■ Task item:
Please return every line of the records below that contains the word "Apartamento".

[Recorded data]
--- START ---

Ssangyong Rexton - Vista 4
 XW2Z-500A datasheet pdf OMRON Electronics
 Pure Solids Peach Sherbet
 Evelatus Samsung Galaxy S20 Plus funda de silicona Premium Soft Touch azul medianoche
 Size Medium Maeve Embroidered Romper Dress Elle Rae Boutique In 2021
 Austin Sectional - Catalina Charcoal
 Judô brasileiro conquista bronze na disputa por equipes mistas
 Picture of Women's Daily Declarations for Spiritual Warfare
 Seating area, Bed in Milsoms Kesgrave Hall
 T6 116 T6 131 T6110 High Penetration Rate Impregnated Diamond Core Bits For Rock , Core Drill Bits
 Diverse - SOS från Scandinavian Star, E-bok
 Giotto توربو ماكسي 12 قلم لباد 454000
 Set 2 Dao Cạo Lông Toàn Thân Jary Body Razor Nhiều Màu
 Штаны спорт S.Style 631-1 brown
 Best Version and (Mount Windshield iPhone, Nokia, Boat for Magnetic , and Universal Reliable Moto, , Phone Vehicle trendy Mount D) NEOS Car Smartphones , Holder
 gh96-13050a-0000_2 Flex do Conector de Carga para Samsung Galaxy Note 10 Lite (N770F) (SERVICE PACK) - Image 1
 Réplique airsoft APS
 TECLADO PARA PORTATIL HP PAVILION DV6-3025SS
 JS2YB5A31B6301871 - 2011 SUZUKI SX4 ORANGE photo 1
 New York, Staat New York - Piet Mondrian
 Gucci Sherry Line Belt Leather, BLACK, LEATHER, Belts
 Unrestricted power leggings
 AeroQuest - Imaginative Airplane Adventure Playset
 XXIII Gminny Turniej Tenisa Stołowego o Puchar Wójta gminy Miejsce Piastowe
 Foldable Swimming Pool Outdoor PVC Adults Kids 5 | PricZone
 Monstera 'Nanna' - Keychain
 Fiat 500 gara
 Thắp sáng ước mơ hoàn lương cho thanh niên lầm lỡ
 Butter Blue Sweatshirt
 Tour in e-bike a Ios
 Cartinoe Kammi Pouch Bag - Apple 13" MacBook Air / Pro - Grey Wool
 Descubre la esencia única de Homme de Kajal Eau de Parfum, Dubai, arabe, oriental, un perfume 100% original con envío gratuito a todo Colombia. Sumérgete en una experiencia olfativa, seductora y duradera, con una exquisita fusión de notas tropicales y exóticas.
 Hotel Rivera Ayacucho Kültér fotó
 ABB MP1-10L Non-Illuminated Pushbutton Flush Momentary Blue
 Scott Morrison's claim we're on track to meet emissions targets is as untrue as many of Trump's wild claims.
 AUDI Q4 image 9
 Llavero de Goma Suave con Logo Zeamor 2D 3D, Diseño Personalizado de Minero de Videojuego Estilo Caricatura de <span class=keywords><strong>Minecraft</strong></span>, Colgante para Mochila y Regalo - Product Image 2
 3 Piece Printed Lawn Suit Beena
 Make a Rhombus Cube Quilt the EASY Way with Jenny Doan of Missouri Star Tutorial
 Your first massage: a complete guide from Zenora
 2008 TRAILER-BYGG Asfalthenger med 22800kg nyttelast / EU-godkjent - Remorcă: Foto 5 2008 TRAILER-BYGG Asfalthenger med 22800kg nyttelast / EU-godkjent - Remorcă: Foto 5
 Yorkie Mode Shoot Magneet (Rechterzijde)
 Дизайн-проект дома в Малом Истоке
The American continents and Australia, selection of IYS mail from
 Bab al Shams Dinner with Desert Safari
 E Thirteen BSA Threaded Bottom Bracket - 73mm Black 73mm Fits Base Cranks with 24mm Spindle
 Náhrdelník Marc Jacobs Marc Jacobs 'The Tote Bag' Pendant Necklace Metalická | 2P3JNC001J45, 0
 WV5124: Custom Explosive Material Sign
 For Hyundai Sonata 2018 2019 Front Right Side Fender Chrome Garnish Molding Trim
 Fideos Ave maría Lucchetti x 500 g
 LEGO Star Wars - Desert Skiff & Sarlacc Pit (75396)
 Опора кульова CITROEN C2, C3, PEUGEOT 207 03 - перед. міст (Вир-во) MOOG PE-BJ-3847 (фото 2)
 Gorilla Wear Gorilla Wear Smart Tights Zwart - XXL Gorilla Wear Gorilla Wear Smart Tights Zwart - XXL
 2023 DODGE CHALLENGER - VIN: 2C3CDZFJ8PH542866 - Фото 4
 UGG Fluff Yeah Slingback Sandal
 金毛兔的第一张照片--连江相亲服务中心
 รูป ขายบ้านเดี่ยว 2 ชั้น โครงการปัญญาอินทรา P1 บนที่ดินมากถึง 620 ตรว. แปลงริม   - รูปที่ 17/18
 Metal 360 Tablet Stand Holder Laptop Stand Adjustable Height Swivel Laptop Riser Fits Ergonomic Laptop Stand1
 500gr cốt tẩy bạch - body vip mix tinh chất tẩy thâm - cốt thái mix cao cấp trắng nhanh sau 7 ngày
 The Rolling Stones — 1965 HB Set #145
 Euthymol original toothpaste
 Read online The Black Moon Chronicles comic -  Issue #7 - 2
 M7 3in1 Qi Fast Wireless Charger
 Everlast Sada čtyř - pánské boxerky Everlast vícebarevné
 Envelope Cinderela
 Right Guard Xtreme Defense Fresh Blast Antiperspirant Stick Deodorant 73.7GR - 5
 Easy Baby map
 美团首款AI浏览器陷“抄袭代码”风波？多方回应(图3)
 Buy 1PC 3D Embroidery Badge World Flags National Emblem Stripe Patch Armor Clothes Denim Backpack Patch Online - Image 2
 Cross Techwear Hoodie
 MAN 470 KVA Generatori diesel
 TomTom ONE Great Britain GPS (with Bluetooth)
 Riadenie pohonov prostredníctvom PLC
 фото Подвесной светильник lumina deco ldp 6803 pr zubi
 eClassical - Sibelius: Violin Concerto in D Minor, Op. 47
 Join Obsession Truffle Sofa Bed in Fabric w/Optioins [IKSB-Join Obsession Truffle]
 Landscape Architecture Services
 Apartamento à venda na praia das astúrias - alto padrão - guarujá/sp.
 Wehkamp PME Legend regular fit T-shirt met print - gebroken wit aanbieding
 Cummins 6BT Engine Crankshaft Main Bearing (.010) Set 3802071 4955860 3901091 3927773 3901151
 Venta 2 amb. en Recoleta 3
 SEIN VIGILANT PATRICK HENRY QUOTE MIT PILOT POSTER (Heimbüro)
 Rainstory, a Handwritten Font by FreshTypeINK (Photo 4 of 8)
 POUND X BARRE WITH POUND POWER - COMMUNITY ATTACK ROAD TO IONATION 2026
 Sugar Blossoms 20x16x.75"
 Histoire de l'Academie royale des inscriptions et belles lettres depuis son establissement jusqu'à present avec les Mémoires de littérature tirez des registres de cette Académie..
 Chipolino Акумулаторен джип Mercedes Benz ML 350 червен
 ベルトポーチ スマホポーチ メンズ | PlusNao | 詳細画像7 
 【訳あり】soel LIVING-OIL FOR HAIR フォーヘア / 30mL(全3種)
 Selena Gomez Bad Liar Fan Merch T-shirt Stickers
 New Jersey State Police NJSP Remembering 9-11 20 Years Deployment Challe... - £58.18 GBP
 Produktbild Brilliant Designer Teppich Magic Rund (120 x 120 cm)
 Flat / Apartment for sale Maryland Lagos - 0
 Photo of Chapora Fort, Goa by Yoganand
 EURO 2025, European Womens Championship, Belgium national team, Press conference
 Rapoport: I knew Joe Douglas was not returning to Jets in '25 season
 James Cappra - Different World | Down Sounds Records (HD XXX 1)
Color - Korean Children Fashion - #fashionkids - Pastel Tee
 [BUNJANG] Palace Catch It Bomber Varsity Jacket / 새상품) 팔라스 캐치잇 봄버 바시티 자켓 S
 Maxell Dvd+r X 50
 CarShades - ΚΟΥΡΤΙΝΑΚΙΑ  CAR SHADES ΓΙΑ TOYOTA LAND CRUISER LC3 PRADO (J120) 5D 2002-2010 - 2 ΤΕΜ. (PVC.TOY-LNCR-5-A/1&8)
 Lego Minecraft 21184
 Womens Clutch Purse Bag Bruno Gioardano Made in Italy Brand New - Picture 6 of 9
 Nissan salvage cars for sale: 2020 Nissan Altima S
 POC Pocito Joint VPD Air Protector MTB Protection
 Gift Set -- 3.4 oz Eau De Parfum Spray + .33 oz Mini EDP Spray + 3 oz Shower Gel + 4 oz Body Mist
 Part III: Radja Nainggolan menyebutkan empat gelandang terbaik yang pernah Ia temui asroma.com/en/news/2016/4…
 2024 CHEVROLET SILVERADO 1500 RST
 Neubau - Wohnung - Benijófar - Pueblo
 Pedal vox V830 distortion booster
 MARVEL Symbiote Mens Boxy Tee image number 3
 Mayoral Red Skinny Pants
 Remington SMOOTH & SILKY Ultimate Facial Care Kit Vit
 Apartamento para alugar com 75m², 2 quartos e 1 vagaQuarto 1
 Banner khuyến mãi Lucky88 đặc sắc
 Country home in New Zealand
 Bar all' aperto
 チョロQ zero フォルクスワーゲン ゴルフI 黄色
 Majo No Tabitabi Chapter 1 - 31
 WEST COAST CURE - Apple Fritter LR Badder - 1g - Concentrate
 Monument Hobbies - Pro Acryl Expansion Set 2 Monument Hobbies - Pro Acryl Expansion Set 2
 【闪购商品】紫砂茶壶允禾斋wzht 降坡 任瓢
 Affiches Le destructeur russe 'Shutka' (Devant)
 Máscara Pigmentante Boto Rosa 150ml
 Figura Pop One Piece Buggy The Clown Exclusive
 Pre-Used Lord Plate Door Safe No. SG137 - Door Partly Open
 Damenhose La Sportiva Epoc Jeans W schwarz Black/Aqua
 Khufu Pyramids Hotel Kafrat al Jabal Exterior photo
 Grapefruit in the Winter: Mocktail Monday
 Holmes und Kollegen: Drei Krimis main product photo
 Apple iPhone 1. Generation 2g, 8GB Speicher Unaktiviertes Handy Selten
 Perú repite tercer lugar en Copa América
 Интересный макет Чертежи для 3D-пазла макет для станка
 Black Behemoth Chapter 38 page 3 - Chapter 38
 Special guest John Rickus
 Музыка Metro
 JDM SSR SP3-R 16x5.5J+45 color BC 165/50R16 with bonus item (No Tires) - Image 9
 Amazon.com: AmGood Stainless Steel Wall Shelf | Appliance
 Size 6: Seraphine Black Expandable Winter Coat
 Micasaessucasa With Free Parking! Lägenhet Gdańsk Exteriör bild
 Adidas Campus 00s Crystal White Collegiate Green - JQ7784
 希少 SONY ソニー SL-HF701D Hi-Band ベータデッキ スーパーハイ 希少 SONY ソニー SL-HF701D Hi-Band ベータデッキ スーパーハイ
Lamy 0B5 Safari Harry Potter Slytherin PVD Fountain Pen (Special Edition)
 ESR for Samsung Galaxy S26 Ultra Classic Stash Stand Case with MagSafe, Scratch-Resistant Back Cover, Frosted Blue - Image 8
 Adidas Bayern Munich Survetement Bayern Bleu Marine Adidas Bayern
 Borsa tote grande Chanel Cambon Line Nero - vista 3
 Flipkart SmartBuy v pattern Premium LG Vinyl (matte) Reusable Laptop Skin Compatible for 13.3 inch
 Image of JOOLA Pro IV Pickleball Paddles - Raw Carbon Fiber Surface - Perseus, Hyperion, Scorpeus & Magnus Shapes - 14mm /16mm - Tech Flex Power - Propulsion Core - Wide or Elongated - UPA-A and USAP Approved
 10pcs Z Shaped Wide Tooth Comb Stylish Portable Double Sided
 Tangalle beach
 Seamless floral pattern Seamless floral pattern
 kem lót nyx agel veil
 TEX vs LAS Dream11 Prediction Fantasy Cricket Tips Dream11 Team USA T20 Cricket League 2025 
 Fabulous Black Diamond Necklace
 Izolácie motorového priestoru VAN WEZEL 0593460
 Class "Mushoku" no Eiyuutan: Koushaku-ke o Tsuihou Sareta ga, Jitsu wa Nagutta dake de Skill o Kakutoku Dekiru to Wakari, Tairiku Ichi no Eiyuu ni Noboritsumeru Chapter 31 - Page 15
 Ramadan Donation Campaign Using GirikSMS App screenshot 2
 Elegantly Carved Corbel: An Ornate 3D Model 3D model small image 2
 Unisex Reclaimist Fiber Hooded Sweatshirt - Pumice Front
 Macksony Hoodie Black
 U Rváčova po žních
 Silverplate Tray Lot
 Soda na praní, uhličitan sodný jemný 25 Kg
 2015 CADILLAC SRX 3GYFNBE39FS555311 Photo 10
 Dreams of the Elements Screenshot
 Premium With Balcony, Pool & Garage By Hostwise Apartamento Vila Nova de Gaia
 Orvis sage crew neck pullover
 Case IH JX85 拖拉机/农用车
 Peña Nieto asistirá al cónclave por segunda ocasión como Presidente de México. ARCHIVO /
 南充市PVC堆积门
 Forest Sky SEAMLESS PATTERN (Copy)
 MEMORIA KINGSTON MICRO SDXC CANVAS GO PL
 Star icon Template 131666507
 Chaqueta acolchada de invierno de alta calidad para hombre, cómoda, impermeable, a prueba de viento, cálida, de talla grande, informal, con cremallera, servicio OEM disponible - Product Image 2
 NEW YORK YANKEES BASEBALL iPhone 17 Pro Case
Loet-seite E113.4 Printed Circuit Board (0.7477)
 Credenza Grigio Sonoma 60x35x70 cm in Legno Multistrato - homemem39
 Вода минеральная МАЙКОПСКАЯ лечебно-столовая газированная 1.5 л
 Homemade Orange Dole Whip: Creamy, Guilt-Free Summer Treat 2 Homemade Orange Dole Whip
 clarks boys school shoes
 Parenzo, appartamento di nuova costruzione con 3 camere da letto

--- END ---

■ Task result:
 Apartamento à venda na praia das astúrias - alto padrão - guarujá/sp.
 Apartamento para alugar com 75m², 2 quartos e 1 vagaQuarto 1
 Premium With Balcony, Pool & Garage By Hostwise Apartamento Vila Nova de Gaia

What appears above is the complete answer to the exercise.